Commissions return again, this one coming from Ko-fi contributor RB. You can be like them and pay me to write about all types of stuff. People tend to choose wrestling matches, but very little is entirely off the table, so long as I haven’t written about it before (and please, come prepared with a date or show name or something if it isn’t obvious). You can commission a piece of writing of your choosing by heading on over to www.ko-fi.com/elhijodelsimon. The current rate is $5/thing or $10/hour for anything over an hour, and if you have some aim that cannot be figured out through simple multiplication, feel free to hit the DMs on Twitter or Ko-fi. 

I initially began reviewing this show in individual matches rather than at large, both because I thought it would be more interesting for me, given the point of the commission system is to get as wide a spread of eras, styles, and places as possible, but also because I thought it would simply do better, in terms of numbers. The fans of the style would obviously be into most of it and click on a UWF show and go in blind-ish, but main events of Fujiwara/Maeda and Takada/Yamazaki also have some individual appeal, I think.
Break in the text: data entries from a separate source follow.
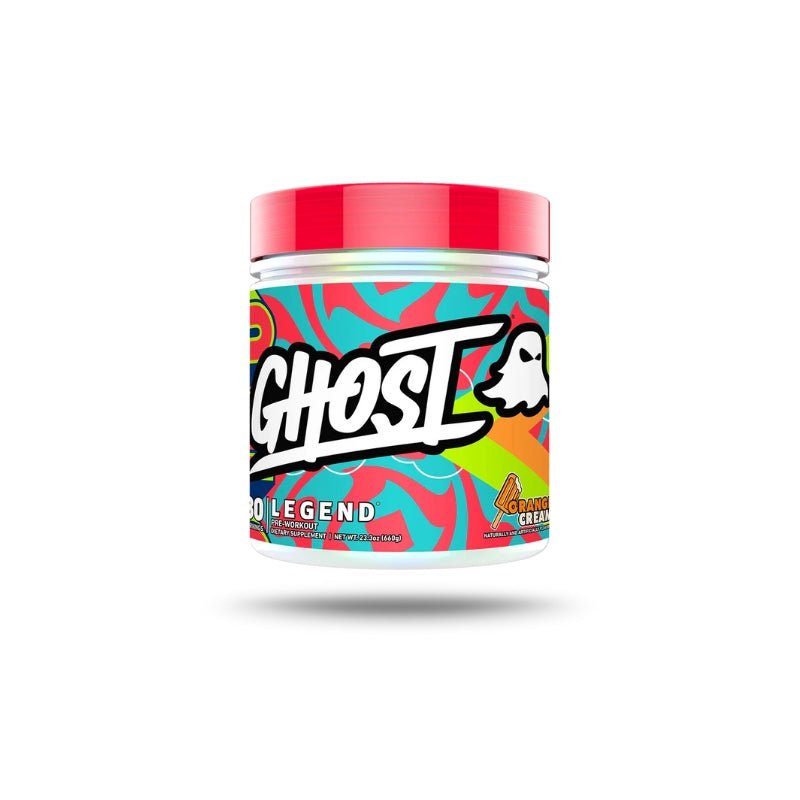 Ghost Legend V4 - Orange Cream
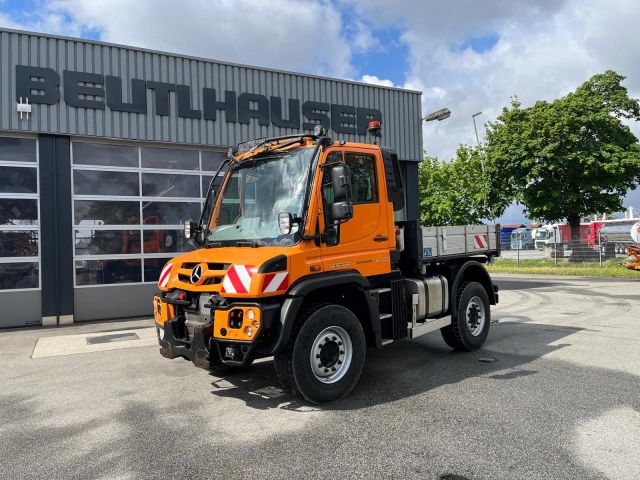 Mercedes-Benz Mercedes Benz Unimog U 430 mit EAS , T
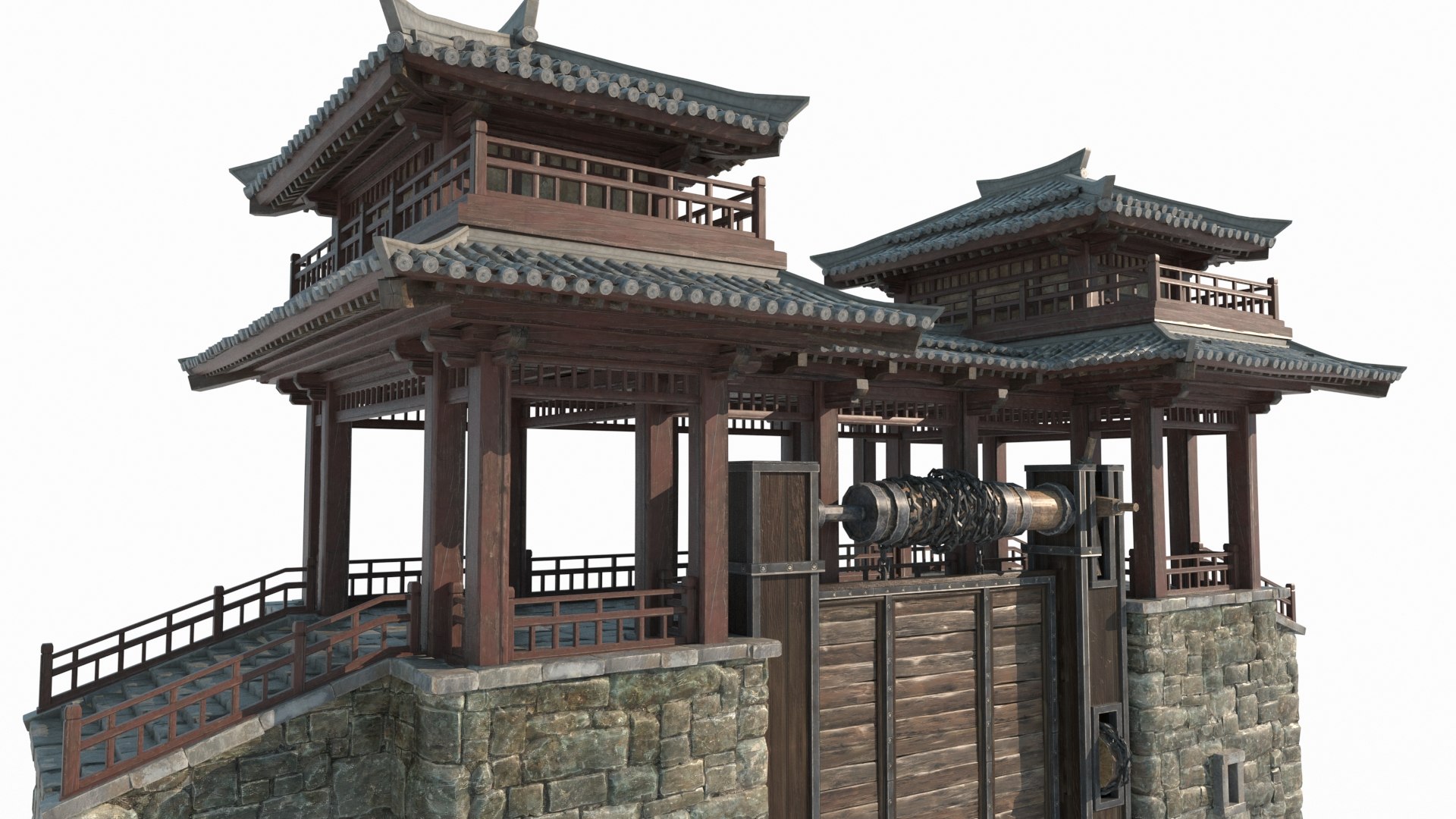 3D Asian ancient architecture city gates and passes https://p.turbosquid.com/ts-thumb/YO/0TXl9s/HB/4/jpg/1739768146/1920x1080/fit_q87/85a7810a61d228bdd0e5246db699de1340ce7f37/4.jpg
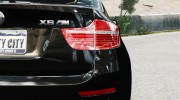 BMW Motorsport X6 M для GTA 4 миниатюра 13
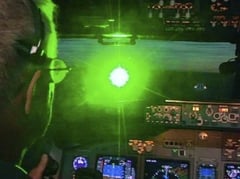 CAAP warns public against pointing lasers at aircraft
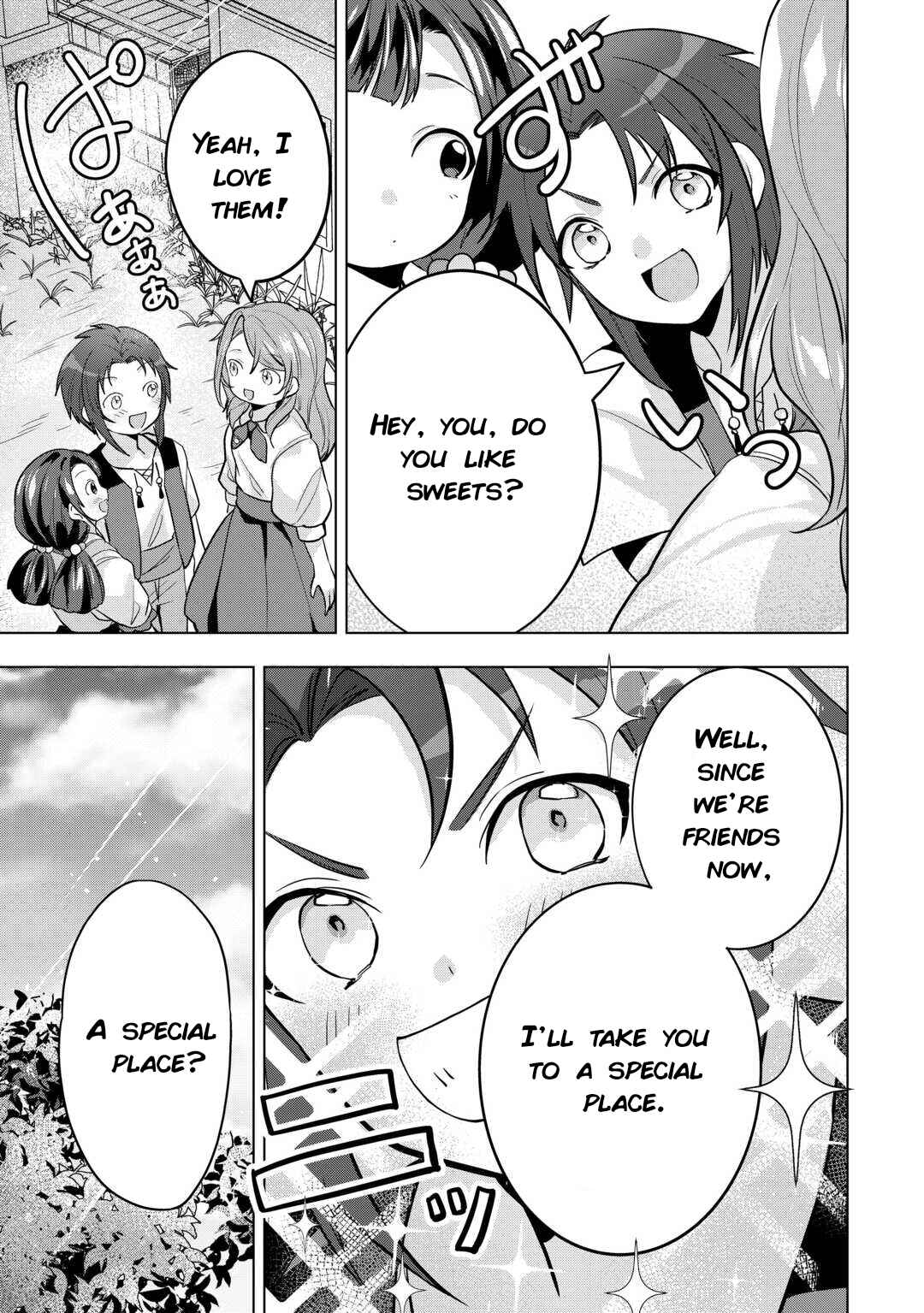 Page 7 Chapter 3 Tensei Shitara Suterareta ga, Hirowarete Tanoshiku Ikiteimasu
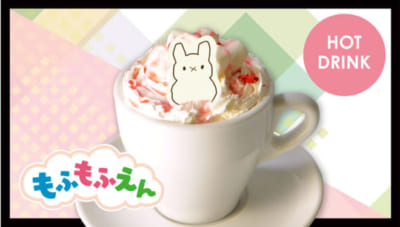 「アイドルマスターSideM×アニメイトカフェ」かのんのふわもこ♪クリーミーいちごミルク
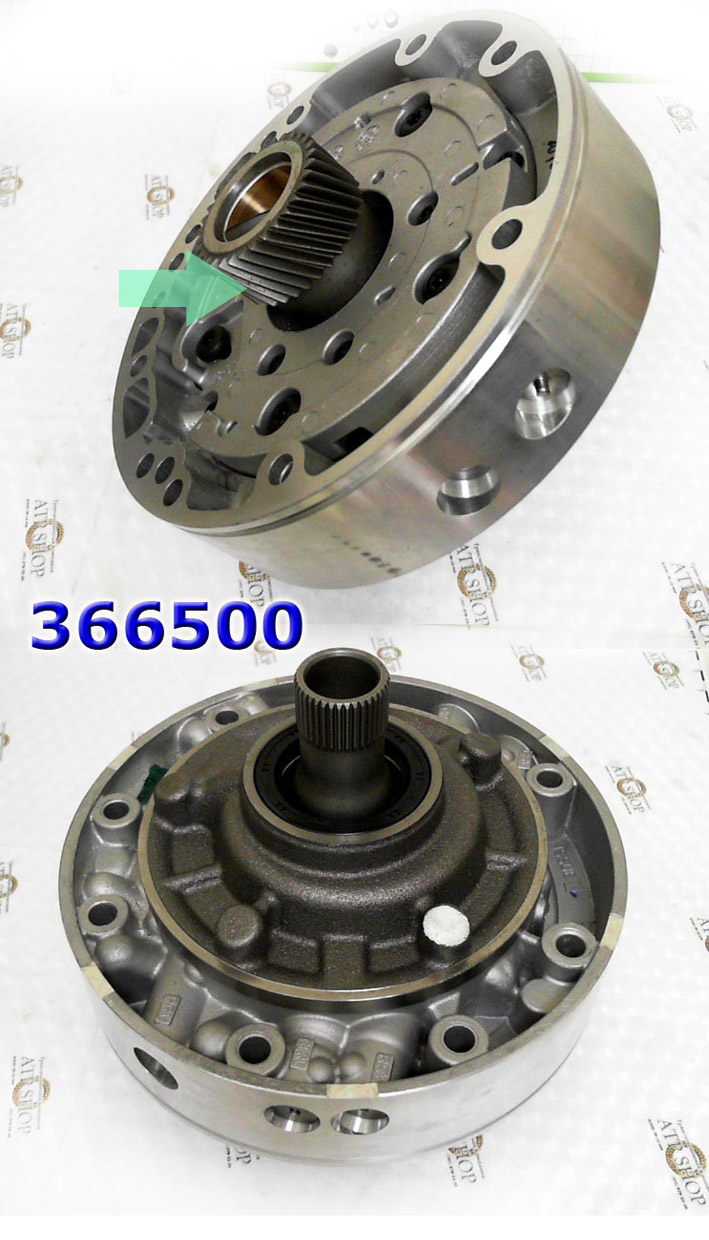 Масляный насос в сборе, Pump BTR-6 Speed (M78-95LE) Oil Assembly, 2002-up, OEM, SSANGYONG ACTYON/ACTYON SPORTS/KYRON/REXTON DSI 6A/T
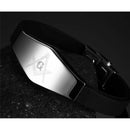Stainless Steel Silicone Masonic Bracelet Wristband Freemason Knight Templar/TEU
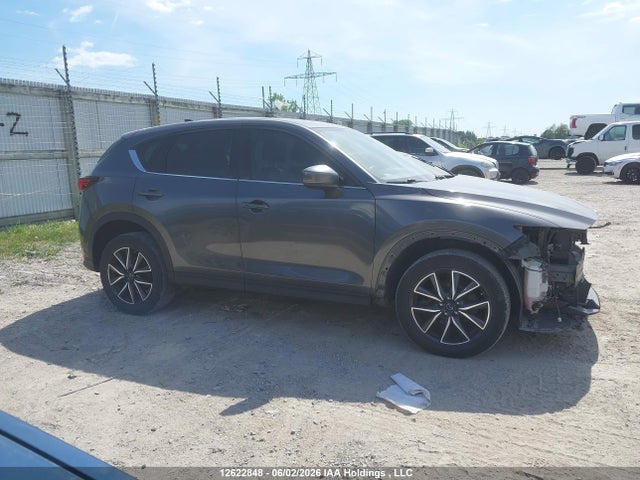 2017 Mazda Cx-5 Gt მანქანა იყიდება აუქციონზე, vin: JM3KFBDL6H0173810, აუქციონის ნომერი: 12622848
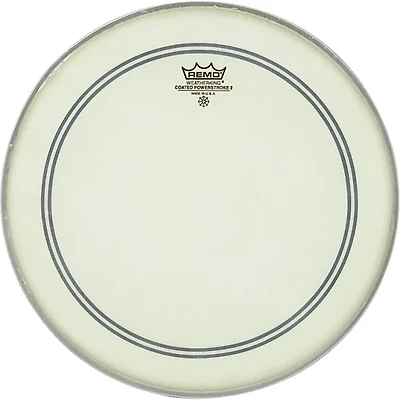 Remo Powerstroke 3 Coated Batter Drum Head With Dot -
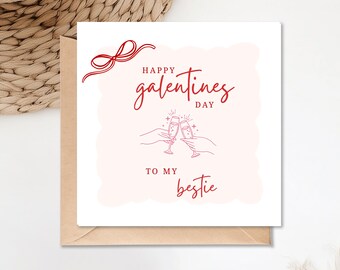 Cartão de Dia das Amigas para a Melhor Amiga | Dia dos Namorados | Cartão de Dia das Amigas | Casal | Melhor Amiga | Namorada | Namorado | Melhor Amiga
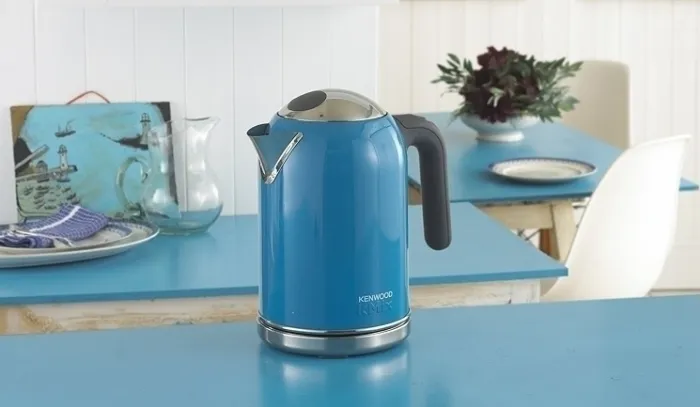 Bollitore Elettrico, Bollitore in Vetro da 1.7L con Funzione Keep Warm, 5 Controlli di Temperatura, 2200W di Ebollizione Rapida, Spegnimento Automatico e Protezione Contro L'ebollizione a Secco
That is to say nothing about what I thought a more casual fan might do when presented with “Norman Smiley vs. Minoru Suzuki”, which the numbers have proven, relatively speaking anyways.

This is where the flaw in that all comes in.

Yoji Anjoh vs. Tatsuo Nakano is fine.

It is a totally alright shoot-style ten minutes. It is, objectively speaking, pretty good. The mechanics are great. There’s something of a nice story with Nakano not being at his best throwing strikes and trying to ground Anjoh, before giving in and trying to counter the striking with throws and losing for it, but it doesn’t feel quite explored enough. Likewise, while there are some neat transitions and a few of Nakano’s holds on the leg near the end look real nasty, before Anjoh wins with a quick double wristlock out of a Nakano German Suplex.

That’s just kind of where it stops.

Not long enough to become something bigger, and not complex or ultra-interesting enough in terms of the time it has to make up for it either.

Perfectly good shoot-style from one of my favorites, and another guy who sure was around a whole lot. I likely never would have written a word about it were the entire show not commissioned and I also cannot recommend it given how much other great wrestling there is out there for you to discover or watch for the first time. Still good, but in between the two fun undercard matches and the two promising looking main events, likely the only non-great match of the bunch.